Web page caption snippets

"""

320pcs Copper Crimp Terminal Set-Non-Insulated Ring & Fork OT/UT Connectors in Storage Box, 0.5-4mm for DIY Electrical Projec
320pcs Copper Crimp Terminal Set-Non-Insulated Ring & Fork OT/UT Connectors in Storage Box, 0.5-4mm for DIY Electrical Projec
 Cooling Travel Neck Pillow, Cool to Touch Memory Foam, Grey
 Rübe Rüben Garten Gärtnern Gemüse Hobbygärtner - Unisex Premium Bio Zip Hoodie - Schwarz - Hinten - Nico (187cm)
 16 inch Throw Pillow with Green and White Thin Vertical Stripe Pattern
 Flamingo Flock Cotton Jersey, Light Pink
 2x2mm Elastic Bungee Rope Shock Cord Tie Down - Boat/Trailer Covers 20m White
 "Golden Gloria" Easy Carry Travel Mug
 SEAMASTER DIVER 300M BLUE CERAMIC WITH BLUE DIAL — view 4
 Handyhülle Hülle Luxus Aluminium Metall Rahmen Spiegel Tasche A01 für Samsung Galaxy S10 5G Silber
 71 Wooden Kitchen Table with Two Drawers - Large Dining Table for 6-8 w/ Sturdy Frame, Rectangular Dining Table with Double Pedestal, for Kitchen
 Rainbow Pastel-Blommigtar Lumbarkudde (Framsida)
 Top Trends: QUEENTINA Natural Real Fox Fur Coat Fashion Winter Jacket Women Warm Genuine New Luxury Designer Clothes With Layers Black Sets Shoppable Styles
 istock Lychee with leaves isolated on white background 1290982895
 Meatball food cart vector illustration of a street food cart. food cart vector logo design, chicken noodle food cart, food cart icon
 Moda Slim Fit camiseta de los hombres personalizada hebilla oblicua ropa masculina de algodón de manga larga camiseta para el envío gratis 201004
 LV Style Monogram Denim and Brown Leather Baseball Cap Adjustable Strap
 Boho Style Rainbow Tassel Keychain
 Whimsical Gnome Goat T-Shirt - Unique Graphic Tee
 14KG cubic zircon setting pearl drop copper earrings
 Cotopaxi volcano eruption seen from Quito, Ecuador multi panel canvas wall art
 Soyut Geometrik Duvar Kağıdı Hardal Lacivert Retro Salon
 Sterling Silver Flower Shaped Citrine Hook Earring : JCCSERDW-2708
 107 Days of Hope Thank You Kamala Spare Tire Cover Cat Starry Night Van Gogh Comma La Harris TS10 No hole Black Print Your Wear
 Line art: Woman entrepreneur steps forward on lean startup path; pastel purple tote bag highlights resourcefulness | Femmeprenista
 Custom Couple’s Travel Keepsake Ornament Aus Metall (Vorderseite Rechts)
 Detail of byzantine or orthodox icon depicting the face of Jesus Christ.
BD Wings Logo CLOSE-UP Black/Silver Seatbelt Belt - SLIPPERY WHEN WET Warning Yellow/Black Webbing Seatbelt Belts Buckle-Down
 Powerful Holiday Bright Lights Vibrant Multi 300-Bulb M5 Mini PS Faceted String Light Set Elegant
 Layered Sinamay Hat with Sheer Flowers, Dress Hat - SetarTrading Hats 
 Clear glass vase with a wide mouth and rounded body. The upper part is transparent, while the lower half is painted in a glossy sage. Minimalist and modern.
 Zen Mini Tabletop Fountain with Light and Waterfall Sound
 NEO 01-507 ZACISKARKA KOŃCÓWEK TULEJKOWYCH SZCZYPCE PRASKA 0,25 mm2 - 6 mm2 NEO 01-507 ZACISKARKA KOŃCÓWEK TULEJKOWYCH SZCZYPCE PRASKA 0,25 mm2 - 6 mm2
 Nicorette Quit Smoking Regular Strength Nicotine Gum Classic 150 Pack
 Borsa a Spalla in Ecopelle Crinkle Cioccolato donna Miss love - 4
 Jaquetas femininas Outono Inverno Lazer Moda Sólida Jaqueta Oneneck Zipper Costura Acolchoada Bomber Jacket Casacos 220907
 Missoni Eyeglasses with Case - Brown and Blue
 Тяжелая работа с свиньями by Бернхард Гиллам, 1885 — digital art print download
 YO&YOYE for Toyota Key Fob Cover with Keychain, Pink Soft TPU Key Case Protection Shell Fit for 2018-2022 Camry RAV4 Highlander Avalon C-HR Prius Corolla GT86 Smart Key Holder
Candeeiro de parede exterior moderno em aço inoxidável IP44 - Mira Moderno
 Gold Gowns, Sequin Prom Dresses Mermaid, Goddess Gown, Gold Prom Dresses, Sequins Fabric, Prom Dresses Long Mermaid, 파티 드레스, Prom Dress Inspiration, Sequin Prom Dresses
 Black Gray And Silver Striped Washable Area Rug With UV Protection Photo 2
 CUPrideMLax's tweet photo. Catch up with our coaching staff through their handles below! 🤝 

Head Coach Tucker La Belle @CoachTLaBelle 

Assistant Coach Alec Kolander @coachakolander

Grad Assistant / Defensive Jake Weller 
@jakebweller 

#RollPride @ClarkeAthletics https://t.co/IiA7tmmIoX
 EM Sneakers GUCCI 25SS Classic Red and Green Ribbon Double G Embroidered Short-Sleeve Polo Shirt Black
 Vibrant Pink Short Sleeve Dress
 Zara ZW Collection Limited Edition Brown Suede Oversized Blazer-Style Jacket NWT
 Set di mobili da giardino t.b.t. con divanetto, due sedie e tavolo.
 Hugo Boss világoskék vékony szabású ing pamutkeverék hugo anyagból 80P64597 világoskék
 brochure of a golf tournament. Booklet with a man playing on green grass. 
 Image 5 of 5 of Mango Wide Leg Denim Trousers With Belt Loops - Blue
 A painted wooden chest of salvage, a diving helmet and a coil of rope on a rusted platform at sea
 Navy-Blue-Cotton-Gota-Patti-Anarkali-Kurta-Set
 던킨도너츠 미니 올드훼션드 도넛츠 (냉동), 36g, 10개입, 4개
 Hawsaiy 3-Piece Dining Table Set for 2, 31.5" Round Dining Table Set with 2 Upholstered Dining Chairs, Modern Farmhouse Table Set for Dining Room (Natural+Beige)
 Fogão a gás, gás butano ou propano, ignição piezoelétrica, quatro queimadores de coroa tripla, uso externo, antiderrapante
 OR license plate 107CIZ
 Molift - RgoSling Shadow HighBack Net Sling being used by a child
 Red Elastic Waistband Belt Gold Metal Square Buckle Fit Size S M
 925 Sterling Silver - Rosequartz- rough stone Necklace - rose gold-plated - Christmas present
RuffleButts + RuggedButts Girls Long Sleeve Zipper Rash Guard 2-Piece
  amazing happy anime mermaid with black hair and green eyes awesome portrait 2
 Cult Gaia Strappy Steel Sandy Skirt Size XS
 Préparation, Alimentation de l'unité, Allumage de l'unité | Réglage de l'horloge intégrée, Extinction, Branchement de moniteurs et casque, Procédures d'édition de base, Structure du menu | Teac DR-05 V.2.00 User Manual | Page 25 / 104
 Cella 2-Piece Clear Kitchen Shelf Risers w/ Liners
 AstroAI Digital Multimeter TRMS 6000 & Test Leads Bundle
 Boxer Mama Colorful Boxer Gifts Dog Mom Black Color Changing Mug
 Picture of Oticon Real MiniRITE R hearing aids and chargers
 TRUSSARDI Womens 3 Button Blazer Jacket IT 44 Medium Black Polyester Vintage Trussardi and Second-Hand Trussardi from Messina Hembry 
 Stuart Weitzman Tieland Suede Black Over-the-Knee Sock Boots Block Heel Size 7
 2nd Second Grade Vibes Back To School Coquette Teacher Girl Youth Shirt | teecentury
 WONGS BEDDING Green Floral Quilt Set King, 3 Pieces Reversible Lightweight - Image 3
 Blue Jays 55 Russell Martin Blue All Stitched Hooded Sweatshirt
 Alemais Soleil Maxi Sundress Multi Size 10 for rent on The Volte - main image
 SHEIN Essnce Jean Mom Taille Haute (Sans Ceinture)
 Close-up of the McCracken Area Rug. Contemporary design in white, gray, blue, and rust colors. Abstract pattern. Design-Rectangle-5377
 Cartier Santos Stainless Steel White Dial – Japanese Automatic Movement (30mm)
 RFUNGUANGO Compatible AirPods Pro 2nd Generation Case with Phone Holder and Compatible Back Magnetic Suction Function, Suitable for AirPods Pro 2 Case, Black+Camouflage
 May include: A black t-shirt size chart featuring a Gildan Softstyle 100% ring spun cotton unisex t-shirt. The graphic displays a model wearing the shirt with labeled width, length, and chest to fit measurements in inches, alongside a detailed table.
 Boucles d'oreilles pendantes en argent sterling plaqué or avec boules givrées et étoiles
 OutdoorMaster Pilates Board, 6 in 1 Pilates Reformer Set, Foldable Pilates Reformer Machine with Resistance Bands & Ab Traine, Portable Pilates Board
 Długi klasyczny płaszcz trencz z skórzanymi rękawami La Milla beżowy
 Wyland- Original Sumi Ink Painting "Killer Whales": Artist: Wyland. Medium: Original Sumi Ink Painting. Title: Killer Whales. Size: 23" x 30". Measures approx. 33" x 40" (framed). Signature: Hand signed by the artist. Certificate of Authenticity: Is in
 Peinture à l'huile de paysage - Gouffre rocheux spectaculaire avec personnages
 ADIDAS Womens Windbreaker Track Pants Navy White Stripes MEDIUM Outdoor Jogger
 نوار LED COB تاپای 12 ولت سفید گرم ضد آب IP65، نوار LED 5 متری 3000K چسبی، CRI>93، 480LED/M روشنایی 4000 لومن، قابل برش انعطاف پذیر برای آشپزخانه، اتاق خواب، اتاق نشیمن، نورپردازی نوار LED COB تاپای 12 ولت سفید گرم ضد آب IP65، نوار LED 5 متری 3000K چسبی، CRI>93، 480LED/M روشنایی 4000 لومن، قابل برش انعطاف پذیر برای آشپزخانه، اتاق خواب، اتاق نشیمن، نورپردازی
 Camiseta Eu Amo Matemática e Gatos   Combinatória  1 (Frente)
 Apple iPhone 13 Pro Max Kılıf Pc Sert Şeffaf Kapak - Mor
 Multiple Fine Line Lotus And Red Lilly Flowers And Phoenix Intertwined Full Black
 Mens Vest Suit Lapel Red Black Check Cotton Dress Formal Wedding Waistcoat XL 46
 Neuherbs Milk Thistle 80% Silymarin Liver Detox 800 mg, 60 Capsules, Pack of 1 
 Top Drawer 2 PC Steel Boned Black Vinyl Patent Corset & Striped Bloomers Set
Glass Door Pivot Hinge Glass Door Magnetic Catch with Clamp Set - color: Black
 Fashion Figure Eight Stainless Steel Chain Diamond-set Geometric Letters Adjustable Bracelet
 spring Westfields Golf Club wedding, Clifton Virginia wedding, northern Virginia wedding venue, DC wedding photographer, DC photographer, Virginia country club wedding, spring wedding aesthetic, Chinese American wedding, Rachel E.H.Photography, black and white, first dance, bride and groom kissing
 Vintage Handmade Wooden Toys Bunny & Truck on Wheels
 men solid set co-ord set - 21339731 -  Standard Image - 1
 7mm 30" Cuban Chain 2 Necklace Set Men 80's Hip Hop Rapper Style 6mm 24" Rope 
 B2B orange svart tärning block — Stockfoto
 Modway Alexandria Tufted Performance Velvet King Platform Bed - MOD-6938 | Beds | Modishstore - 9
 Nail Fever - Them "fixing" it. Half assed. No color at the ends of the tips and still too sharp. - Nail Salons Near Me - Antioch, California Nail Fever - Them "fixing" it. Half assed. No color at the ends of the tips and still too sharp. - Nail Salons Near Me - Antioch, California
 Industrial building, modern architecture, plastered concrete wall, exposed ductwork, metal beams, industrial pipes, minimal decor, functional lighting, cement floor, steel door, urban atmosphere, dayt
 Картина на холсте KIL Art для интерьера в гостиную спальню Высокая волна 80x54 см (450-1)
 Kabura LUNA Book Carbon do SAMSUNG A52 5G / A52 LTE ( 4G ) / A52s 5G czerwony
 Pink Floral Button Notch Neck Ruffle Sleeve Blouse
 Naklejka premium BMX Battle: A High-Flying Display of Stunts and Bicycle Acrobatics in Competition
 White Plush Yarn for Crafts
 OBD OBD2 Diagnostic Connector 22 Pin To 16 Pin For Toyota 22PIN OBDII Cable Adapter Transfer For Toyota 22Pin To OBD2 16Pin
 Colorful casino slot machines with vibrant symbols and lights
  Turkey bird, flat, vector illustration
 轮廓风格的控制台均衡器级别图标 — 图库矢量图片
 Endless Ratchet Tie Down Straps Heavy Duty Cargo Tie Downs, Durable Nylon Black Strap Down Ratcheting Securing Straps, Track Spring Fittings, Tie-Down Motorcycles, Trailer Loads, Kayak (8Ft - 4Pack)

"""

> [Instructions to follow] Looking at the entries above, can you reproduce exactly the lines from the one that holds "Borsa a Spalla" through the one that holds "Image 5 of 5", and only those?

> [Task solution]
 Borsa a Spalla in Ecopelle Crinkle Cioccolato donna Miss love - 4
 Jaquetas femininas Outono Inverno Lazer Moda Sólida Jaqueta Oneneck Zipper Costura Acolchoada Bomber Jacket Casacos 220907
 Missoni Eyeglasses with Case - Brown and Blue
 Тяжелая работа с свиньями by Бернхард Гиллам, 1885 — digital art print download
 YO&YOYE for Toyota Key Fob Cover with Keychain, Pink Soft TPU Key Case Protection Shell Fit for 2018-2022 Camry RAV4 Highlander Avalon C-HR Prius Corolla GT86 Smart Key Holder
Candeeiro de parede exterior moderno em aço inoxidável IP44 - Mira Moderno
 Gold Gowns, Sequin Prom Dresses Mermaid, Goddess Gown, Gold Prom Dresses, Sequins Fabric, Prom Dresses Long Mermaid, 파티 드레스, Prom Dress Inspiration, Sequin Prom Dresses
 Black Gray And Silver Striped Washable Area Rug With UV Protection Photo 2
 CUPrideMLax's tweet photo. Catch up with our coaching staff through their handles below! 🤝 

Head Coach Tucker La Belle @CoachTLaBelle 

Assistant Coach Alec Kolander @coachakolander

Grad Assistant / Defensive Jake Weller 
@jakebweller 

#RollPride @ClarkeAthletics https://t.co/IiA7tmmIoX
 EM Sneakers GUCCI 25SS Classic Red and Green Ribbon Double G Embroidered Short-Sleeve Polo Shirt Black
 Vibrant Pink Short Sleeve Dress
 Zara ZW Collection Limited Edition Brown Suede Oversized Blazer-Style Jacket NWT
 Set di mobili da giardino t.b.t. con divanetto, due sedie e tavolo.
 Hugo Boss világoskék vékony szabású ing pamutkeverék hugo anyagból 80P64597 világoskék
 brochure of a golf tournament. Booklet with a man playing on green grass. 
 Image 5 of 5 of Mango Wide Leg Denim Trousers With Belt Loops - Blue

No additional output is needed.